Film ketiga ini tetap menyoroti Woody, sebuah mainan koboi-koboian, dan teman-temannya. Mereka semua merupakan mainan milik seorang bocah bernama Andy. Sayangnya, sekarang Andy sudah 17 tahun dan sedang bersiap-siap untuk kuliah. Para mainan tersebut dihdapakan pada ketidakpastian, tentu Andy yang sudah dewasa tidak mungkin memainkan mereka lagi. Ketika berkemas, Andy memutuskan untuk membawa Woody, sementara yang lainnya dimasukkan ke sebuah kantung plastik berlabel “sampah.” Sebenarnya Andy berniat menyimpan sisa mainnya (selain Woody) di loteng. Sayangnya, ketika ibunya mendapatkan kantung berlabel “sampah” tersebut, mereka malah terbuang.

Woody yang menyaksikan jelas semua kejadian ini berusaha menjelaskan pada teman-temannya. Sayangnya, para mainan yang sudah sangat terluka dan kecewa tersebut sama sekali tidak mau mendengar. Mereka bahkan memutuskan untuk pergi ke Pusat Penitipan Anak Sunnyside, berharap dapat kembali dimainkan di tempat tersebut. Woody pun, secara tidak sengaja, ikut bersama mereka. Di Sunnyside, mulanya, mereka disambut dengan hangat oleh mainan-mainan lain. Tempat tersebut dipimpin oleh sebuah boneka beruang besar yang dinamai Lotso (Lots-o-Huggin' Bear). Melihat rona bahagia teman-temannya di Sunnyside, Woody memutuskan untuk berpisah dan kembali ke Andy.
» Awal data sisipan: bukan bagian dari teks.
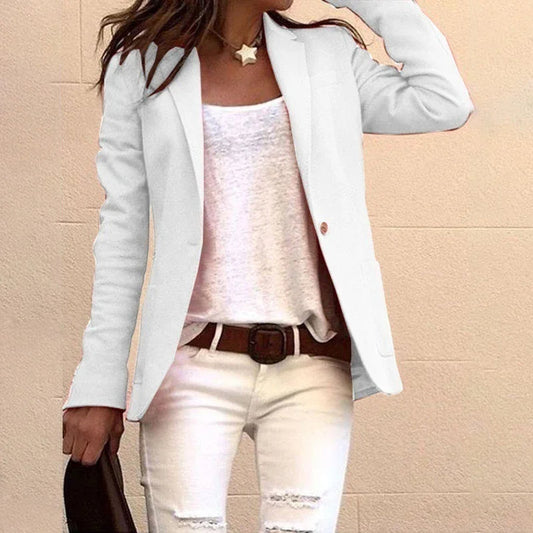 Levoire | Blazer Ajusté Femme Blanc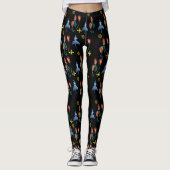 Whimsischer Frühlingskunst Leggings (Vorderseite)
Sayangnya, ternyata Woody tidak langsung bisa tiba ke rumah Andy ketika Bonnie, anak pengurus Sunnyside, menemukannya lalu membawanya pulang sebagai mainannya.
Sementara itu, teman-teman Woody mendapatkan kejutan yang tidak menyenangkan dari anak-anak balita yang memainkan mereka di ruangan tempat mereka ditempatkan. Balita-balita tersebut memainkan mereka dengan sangat kasar. Dibanting. Ditendang. Diduduki. Maklum, balita, belum tahu cara memainkan mainan dengan benar.
Pada “Toy Story” dan “Toy Story 2” penonton dikenalkan pada kisah tentang kedekatan hubungan antara seorang bocah dan mainan-mainannya. Dalam produksi Pixar kali ini, “Toy Story 3,” penonton diperkenalkan pada anti klimaksnya. Di sini kita dihadapkan pada Andy, yang sedang dalam masa pendewasaan, yang harus meninggalkan masa kecilnya (termasuk mainan-mainannya). Tapi, yang lebih inti dari film ini, bagaimanakah seharusnya Andy meninggalkan masa kecilnya? Dibuang begitu saja? Atau dengan sesuatu yang lebih bermakna? Di “Toy Story 3” ini, penonton malah dihadapkan pada kisah yang bertolak belakang dari dua film pendahulunya: si bocah (yang sudah dewasa) dan mainan-mainannya saling berpisah satu sama lain. Hanya saja, bagimanakah seharusnya mereka berpisah?